Multiple nerve palsies are usually imaged, as are isolated nerve palsies in patients aged under 50 years without a long history of vasculopathy. Management Clinical management depends upon the cause. In childhood strabismus, surgery may be required although this is not always the case.
Treatment with botulinum toxin which causes flaccid paralysis is sometimes used.
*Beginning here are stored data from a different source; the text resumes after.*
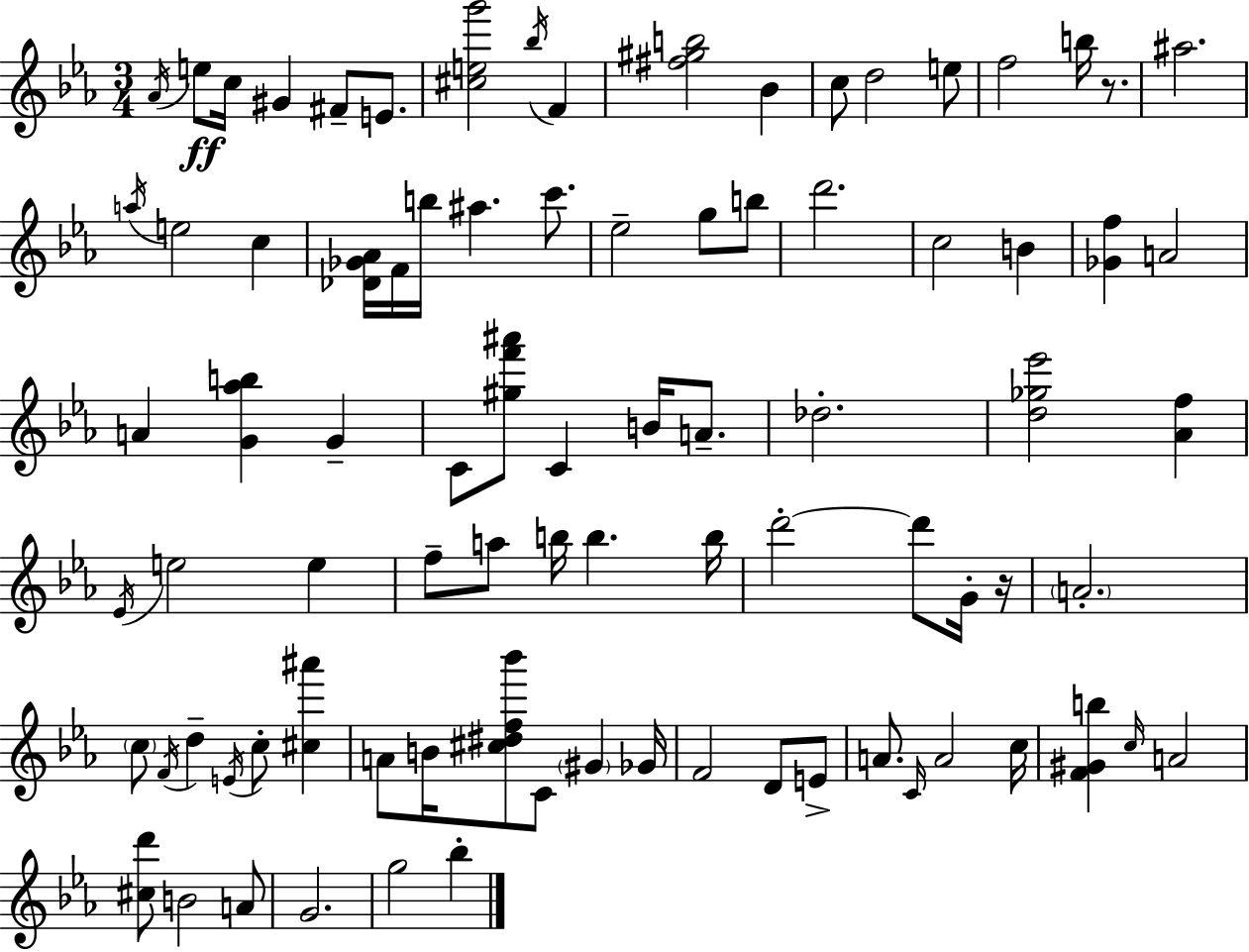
{
  \clef treble
  \numericTimeSignature
  \time 3/4
  \key c \minor
  \repeat volta 2 { \acciaccatura { aes'16 }\ff e''8 c''16 gis'4 fis'8-- e'8. | <cis'' e'' g'''>2 \acciaccatura { bes''16 } f'4 | <fis'' gis'' b''>2 bes'4 | c''8 d''2 | \break e''8 f''2 b''16 r8. | ais''2. | \acciaccatura { a''16 } e''2 c''4 | <des' ges' aes'>16 f'16 b''16 ais''4. | \break c'''8. ees''2-- g''8 | b''8 d'''2. | c''2 b'4 | <ges' f''>4 a'2 | \break a'4 <g' aes'' b''>4 g'4-- | c'8 <gis'' f''' ais'''>8 c'4 b'16 | a'8.-- des''2.-. | <d'' ges'' ees'''>2 <aes' f''>4 | \break \acciaccatura { ees'16 } e''2 | e''4 f''8-- a''8 b''16 b''4. | b''16 d'''2-.~~ | d'''8 g'16-. r16 \parenthesize a'2.-. | \break \parenthesize c''8 \acciaccatura { f'16 } d''4-- \acciaccatura { e'16 } | c''8-. <cis'' ais'''>4 a'8 b'16 <cis'' dis'' f'' bes'''>8 c'8 | \parenthesize gis'4 ges'16 f'2 | d'8 e'8-> a'8. \grace { c'16 } a'2 | \break c''16 <f' gis' b''>4 \grace { c''16 } | a'2 <cis'' d'''>8 b'2 | a'8 g'2. | g''2 | \break bes''4-. } \bar "|."
}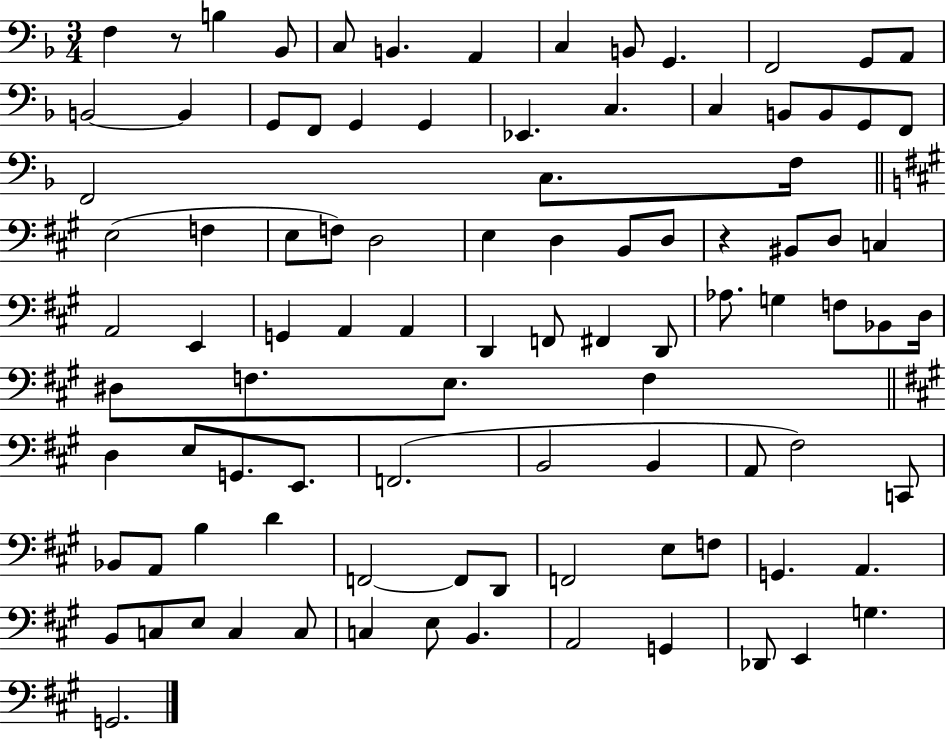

However, there is little clear evidence of its efficacy compared to surgical treatment, and complication rates including ptosis and vertical deviation can be high[ 7 , 8 ].
Patients with unexplained binocular diplopia and those who progress or fail to recover within a few months should be investigated further to establish the aetiology. Driving People with diplopia must not drive. They may resume driving on confirmation to the licensing authority that the diplopia is controlled by glasses or by a patch which the licence holder undertakes to wear whilst driving. Prognosis Prognosis is dependent on underlying cause. Patients with clinically isolated single nerve palsies associated with diabetes or hypertension are likely to recover within a few months, although a minority do not.
A VI nerve palsy of vascular cause typically resolves within weeks. If resolution does not occur within months, the condition progresses or, if additional neurological signs or symptoms develop, imaging studies are required.